What, really, would we lose without that kind of longevity, without meaningful movie stardom? A mirror? A beacon? A road map? A portal? This isn’t a matter of discovering who we want to be but letting the movies show us who we think we are. Stars haven’t always had to pour themselves into playing superheroes. They’ve used that power to play us — people. Now, there could be a kind of justice in that power reaching its terminus. Good riddance to a system that imported the worst of this country’s prejudices and principles into its dream factory. Rampaging capitalism. Improbable whitenesses, indefensible Blacknesses.
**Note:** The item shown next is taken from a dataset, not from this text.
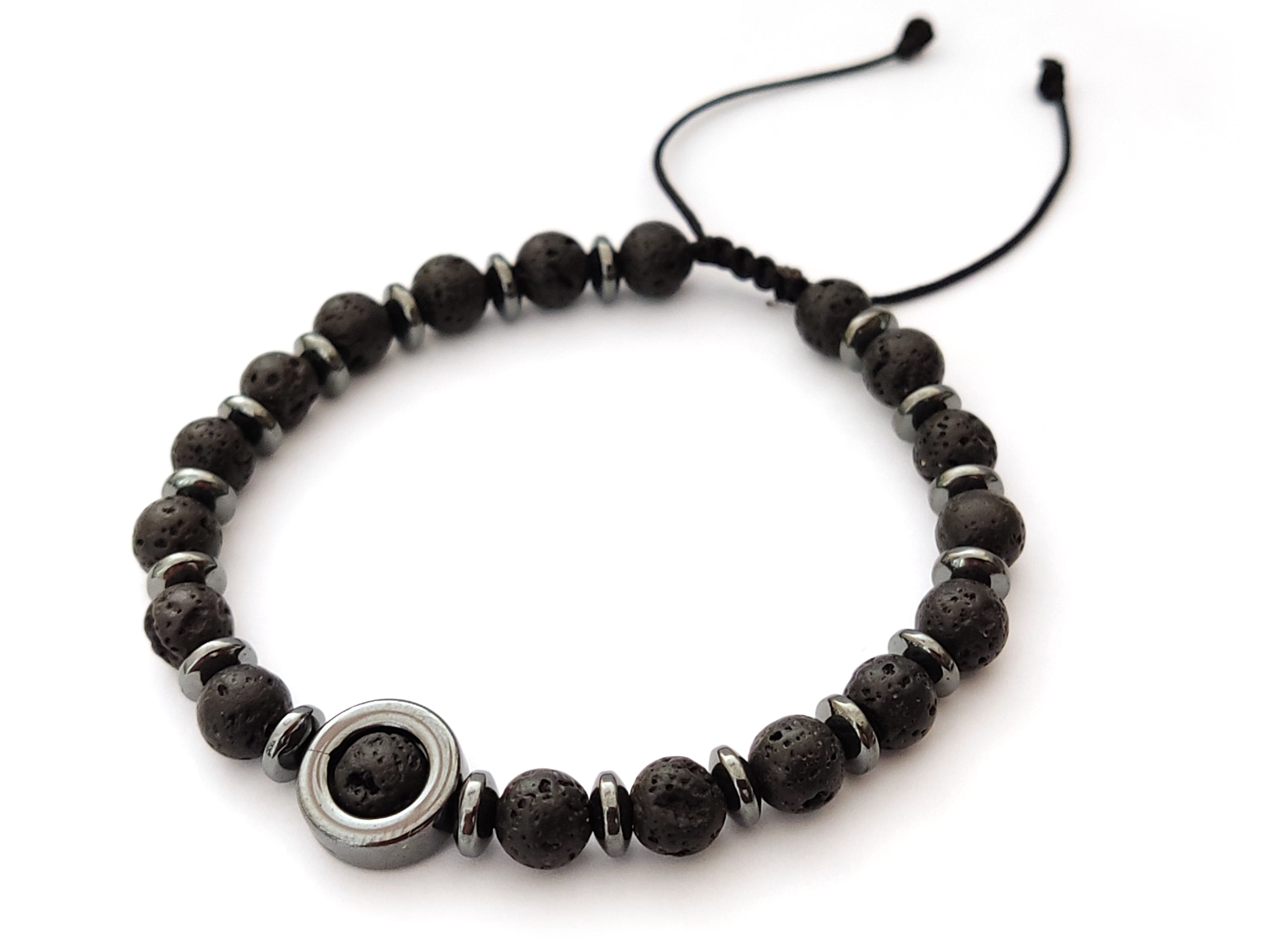 Lava stone and 2025 hematite bracelet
Few Asian or Mexican or Arab or Native American characters anyone had ever met, because, for starters, the actors playing those parts were often white. Our prolonged exposure let stars embed their glamour, their style and their managed perfection within our psyches, to forge the sort of warped identification that invites, say, a curious Black boy in Philadelphia to fancy himself an insufferable Southern belle on a wrecked Georgia plantation.

Which is to say that I can know all of this and still believe that half a century of Clint Eastwood movies (dozens of them) is as a good an explanation of the United States as any piece of public policy. He’s his own legislation. Of course, a young me watching him in “Sudden Impact” or “Pink Cadillac” or “A Perfect World” wouldn’t have known any of that. I would just have found the mere quarry of him absurdly watchable. And if what we’re also talking about is an energy of absurd watchability, maybe it migrates across time, from the silent era to the classical system of the 1930s and ’40s, to the ruination of the ’70s and the indulgent ’80s and reactionary, revisionist ’90s. Right now, it flourishes somewhere else entirely. On TikTok, a galaxy of starlings. Social media stardom runs on evanescence. You need attention for movie stardom. And we might have run out of patience for that.
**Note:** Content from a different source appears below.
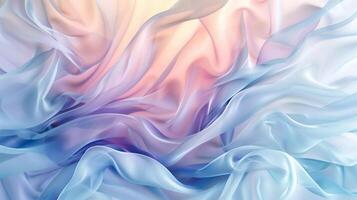 Multi color pastel silk satin fabric abstract background generated by AI. photo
Bad timing, I’d say, since, for more than a decade, we’ve been drowning in actors who could reward that attention, actors who, over the course of a hearty career, could also serve as good an explanation of this place as Eastwood. Consider this drought in a moment that has never felt richer with hands in want of batons: Teller, Alden Ehrenreich, Simu Liu, Issa Rae, Finn Wittrock, Hong Chau, Dane DeHaan, Zoë Kravitz, Raúl Castillo, Jay Ellis, Kumail Nanjiani, Tye Sheridan, Dave Bautista, Regé-Jean Page, Alia Shawkat, Yahya Abdul-Mateen II, Max Minghella, Rachel Zegler, Jake Lacy, Daisy Ridley, Kelvin Harrison Jr., O’Shea Jackson Jr., Tiffany Haddish, Quvenzhané Wallis, Marsai Martin, Jeremy Pope, John Boyega, Ariana DeBose, Teyonah Parris, Nicholas Hoult, Gina Rodriguez, Christopher Abbott, Jonathan Groff. The movies aren’t set up to keep them stars in 30 years. For more than one of these names, the movie-star ship has sailed.

This really does amount to a crisis. And the movies know it. In “Maverick,” the comedy is that no one’s as qualified as Cruise. For a couple of weeks in August, our No. 1 movie was “Bullet Train,” an intermittently funny, mostly tedious crime-thriller that requires Brad Pitt to fight younger prospects — Brian Tyree Henry and Aaron Taylor-Johnson, Zazie Beetz and Bad Bunny — ‌and casually kill most of them. They want what he’s got: a briefcase full of money, but his stature, too. Pitt’s low-stress, impervious-to-everything style needed 30 years and almost that many movies for him to achieve an ease with himself that can harmonize wisdom and vacancy. All the hand-to-hand combat stands in for Pitt’s self-preservation.

A star knows how to have a good time with a movie this disposable, by making the work seem like a vacation. Disposable movies are a star’s business. They help cement their status between tours de force (sometimes the tour de force is in something disposable). But they tend to hold up, anyway, because they’ve captured some thrilling, attractive, aspirational aspect of the person at its center. Without any middlebrow, non-superhero films — star vehicles, they were called — we’re facing the elimination of being as an art form, the death of tropes, tics and signatures; laughs and struts and accents and turns of phrase; a gallery of light bulbs going “ding” over some actor’s head.